Mme [C] a pris acte de la rupture de son contrat de travail par courrier en date du 25 juillet 2019.

Le 5 août 2019, Mme [C] a saisi le conseil de prud'hommes de Créteil.

Par ordonnance du 16 octobre 2019, le tribunal de commerce de Créteil a désigné la SELARL JSA en qualité de mandataire ad hoc.

Par jugement en date du 11 avril 2022, notifié le 14 avril 2022, le conseil de prud'hommes de Créteil, en formation paritaire, a :

- dit les demandes de Mme [C] irrecevables

En conséquence,

- débouté Mme [C] de l'ensemble de ses demandes

- dit les demandes de Mme [C] irrecevables et inopposables à l'AGS CGEA IDF EST

En conséquence,

- mis hors de cause l'AGS CGEA IDF EST

- débouté la SELARL JSA de sa demande de condamnation de Mme [C] au paiement des dépens.

Le 14 mai 2022, Mme [C] a interjeté appel de la décision dont elle a reçu notification le 14 avril 2022.

Aux termes de ses dernières conclusions, signifiées par RPVA le 19 janvier 2025, Mme [C] demande à la cour de :

- confirmer le jugement rendu le 11 avril 2022 par la section activités diverses du conseil de prud'hommes de Créteil en ce qu'il a débouté la SELARL JSA de sa demande de condamnation de Mme [C] au paiement des dépens

- infirmer le jugement rendu le 11 avril 2022 par la section activités diverses du conseil de prud'hommes de Créteil en ce qu'il a :

- dit irrecevables les demandes de Mme [C], débouté Mme [C] de l'ensemble de ses demandes

- dit irrecevables les demandes de Mme [C] et inopposables à l'AGS CGEA IDF EST

Statuant à nouveau,

- prononcer la prise d'acte de la rupture aux torts exclusifs de la société EURL DOM 03

- requalifier cette prise d'acte en rupture aux torts exclusifs de la société EURL DOM 03 et dire qu'elle produit les effets d'un licenciement sans cause réelle et sérieuse

- en conséquence, condamner la société EURL DOM 03 ou la société EURL DOM 03 représentée par la SELARL JSA en qualité de mandataire ad hoc à payer à Mme [C] les sommes suivantes :

* 706,74 euros au titre du maintien de salaire légal pour la période du 22/09/2018 au 30/11/2018

* 70,67 euros au titre des congés payés y afférents

* 6 064,15 euros au titre du rappel des salaires pour la période du 19 février au 25 juillet 2019

* 606,41 euros au titre des congés payés y afférents

* 6 064,15 euros à titre de dommages et intérêts pour licenciement sans cause réelle et sérieuse

* 554,86 euros à titre d'indemnité légale de licenciement (article R 1234-2 du code du travail)

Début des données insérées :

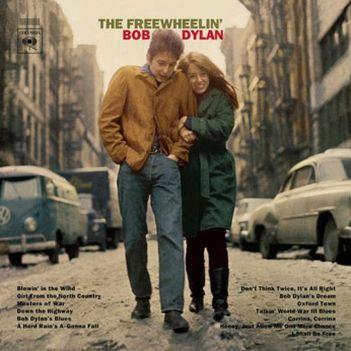 The Freewheelin Bob Dylan, 1963 .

* 1 212, 83 euros soit 1 mois de salaire à titre d'indemnité compensatrice de préavis

* 121,28 euros au titre des congés payés y afférents

* 7 276,98 euros à titre de dommages et intérêts pour travail dissimulé

* 1 500 euros au titre de l'article 37 de la loi du 10 juillet 1991

- en tant que de besoin, voir fixer au passif de la liquidation judiciaire de la société EURL DOM 03 les sommes suivantes :

* 706,74 euros au titre du maintien de salaire légal pour la période du 22/09/2018 au 30/11/2018

* 70,67 euros au titre des congés payés y afférents

* 6 064,15 euros au titre du rappel des salaires pour la période du 19 février au 25 juillet 2019

* 606,41 euros au titre des congés payés y afférents

* 6 064,15 euros à titre de dommages et intérêts pour licenciement sans cause réelle et sérieuse

* 554,86 euros à titre d'indemnité légale de licenciement (article R 1234-2 du code du travail)

* 1 212, 83 euros soit 1 mois de salaire à titre d'indemnité compensatrice de préavis

* 121,28 euros au titre des congés payés y afférents

* 7 276,98 euros à titre de dommages et intérêts pour travail dissimulé

* 1 500 euros au titre de l'article 37 de la loi du 10 juillet 1991

- ordonner la remise à Mme [C] de l'attestation Pôle emploi, du certificat de travail, du reçu pour solde de tout compte et des bulletins de paie de septembre 2018 à juillet 2019, rectifiés et conformes aux condamnations à intervenir, sous astreinte de 50 euros par jour de retard de la notification de l'arrêt, avec le droit pour la cour de liquider l'astreinte

- déclarer l'arrêt à intervenir commun et opposable à l'AGS CGEA IDF EST

- dire que l'AGS CGEA IDF EST devra garantir toutes les sommes sollicitées par Mme [C]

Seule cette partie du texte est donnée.